Hudut taşları durduramıyor. Doğu rüzgarı kaçak, takılmıyor İspiriz dağlarının burçlarına.
Durmadan yağıyor kar ve aylardan Mart! Yani cemreler düşmüş, kaçakçının biri düşmesini mi engelledi nedir? Hala yağıyor kar.
Ne bileyim her taşın altında, her bulutun üstünde bir sıkıyönetim hali var bu şehirde. Havaya düşen cemre hani! Hani o toprağa ve suya düşen cemre!
Dinmedi hiç kar yağışı.
Ama bu şehir sevilmeyecek gibi değil ki! Birkaç cemresi, birkaç kaçak sigarası olmasa ne yazar.
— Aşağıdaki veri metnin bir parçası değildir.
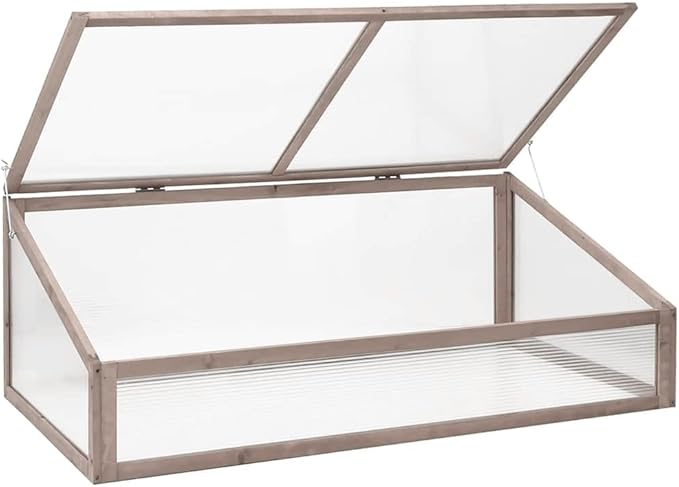 Wooden Cold Frame Greenhouse with Hinged Lid, Solid Fir Wood Raised Garden Bed for Vegetables Herbs Flowers, Outdoor Balcony Plant Protector, Grey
Ama kimse duymasın bu şehri sevdiğimizi, duymasın kimse bizim Ömer’in şehrin tabelasını neden öptüğünü. Yoksa! Maazallah sevdamız kaçaktan yer cezayı.
Kar yağıyor, biz evlerimizde kaçak sohbetler yapıyoruz.
Hani bedenimize elektrik verilmeseydi belki evlerimizde kaçak elektrik olmayacaktı. Olmayacaktı evimizin tavanında bir kaçak ve kafasından asılı. Kollarım geliyor aklıma Diyarbakır zindanında Filistin askısına gerili, ne hikmetse kaçak bir işkence dolaşıyordu o zaman havalarda. O havalarda Paşalar, Başbakanlar, Cumhurbaşkanları yaşıyordu ama duymuyordu kimse işkence kaçakçısının vicdansızlığını.
Hurma yemek de kaçak!
İsterseniz yemeyi deneyin kovarlar sizi bu cennet şehirden. Hâşâ! Siz Adem Baba değilsiniz ama kovulmak suretiyle benzersiniz oysa yediğiniz hurmadır, yani Allahın Resulü iftar sofrasında onunla açmış orucunu.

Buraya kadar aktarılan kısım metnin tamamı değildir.